Given information –
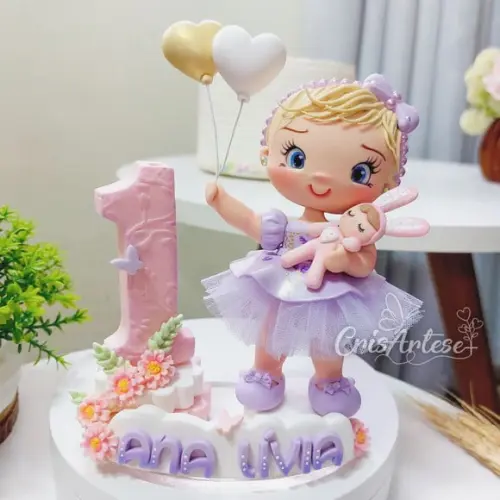 Topo de Bolo com Vela Metoo Doll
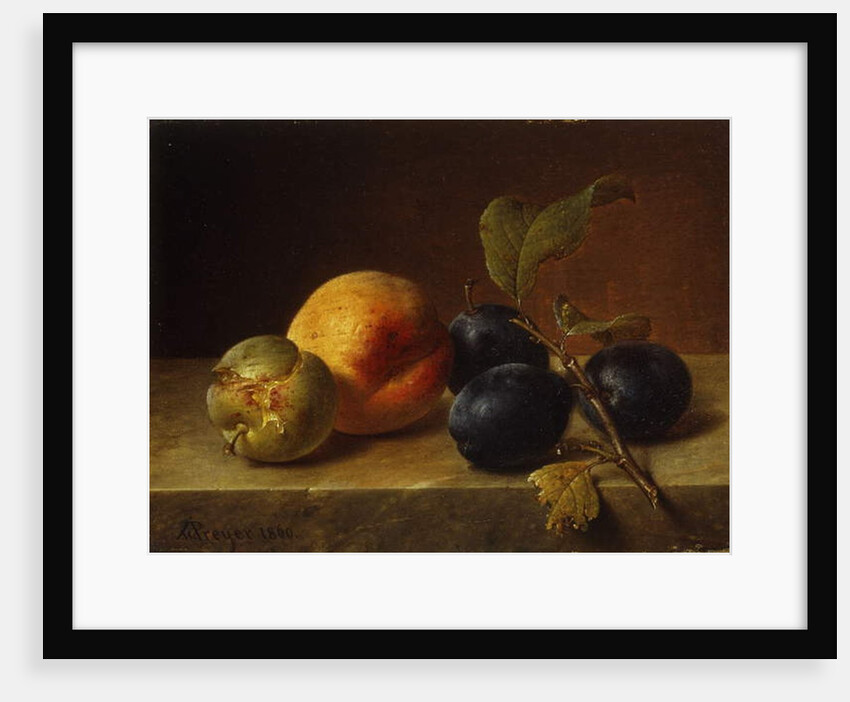 A Peach and Plums on a Marble Ledge, 1860 by Johann Wilhelm Preyer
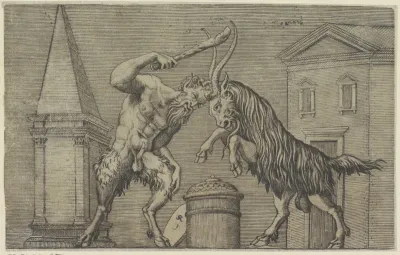 Sater en ram in gevecht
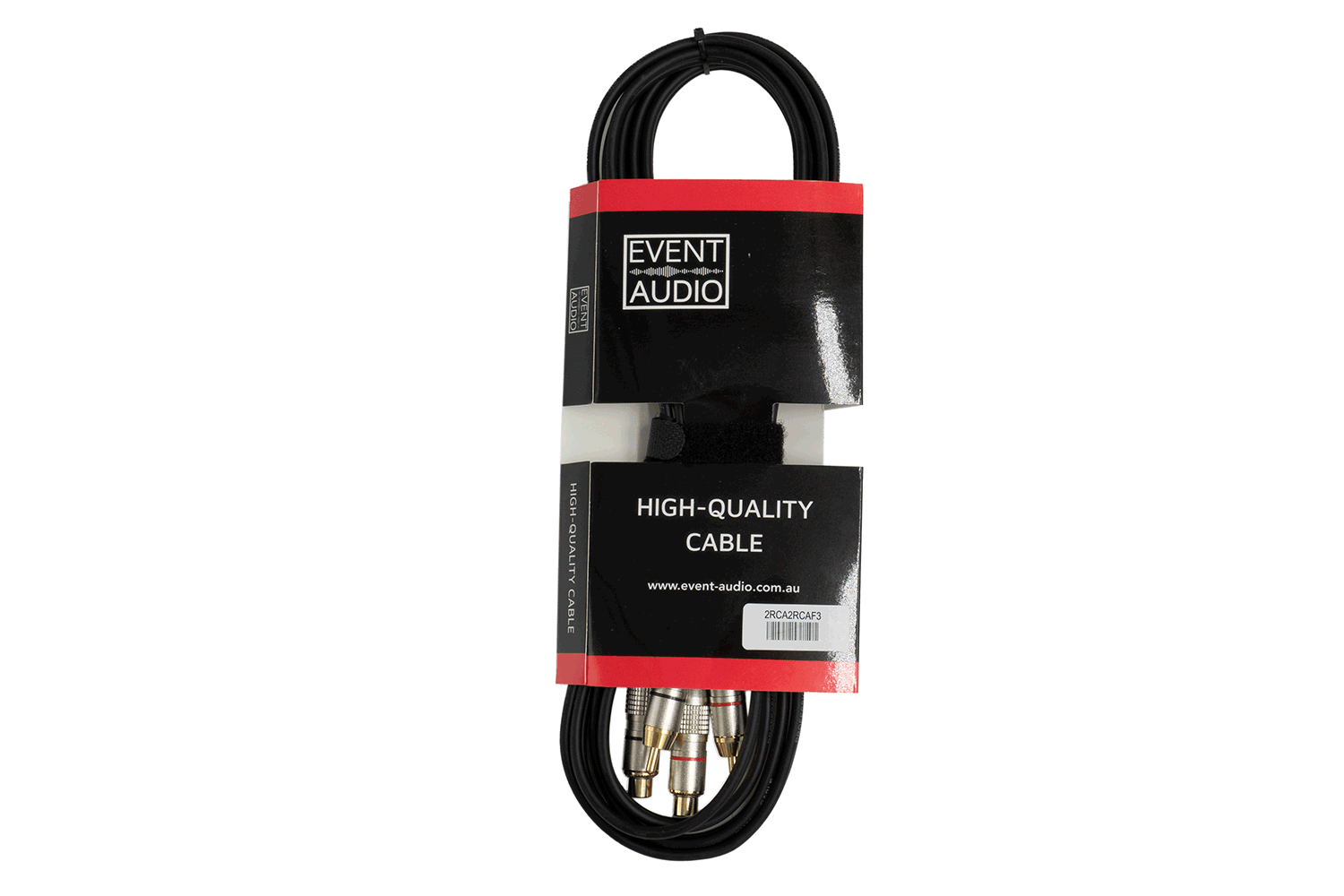 2RCA2RCAF3EL - 3m 2x RCA Male to Female Signal Lead - Red and Black Ring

What you need to do –
Word-for-word transcript, pictures excluded: copy all the material above.

Reply to the task –
 Topo de Bolo com Vela Metoo Doll
 A Peach and Plums on a Marble Ledge, 1860 by Johann Wilhelm Preyer
 Sater en ram in gevecht
 2RCA2RCAF3EL - 3m 2x RCA Male to Female Signal Lead - Red and Black Ring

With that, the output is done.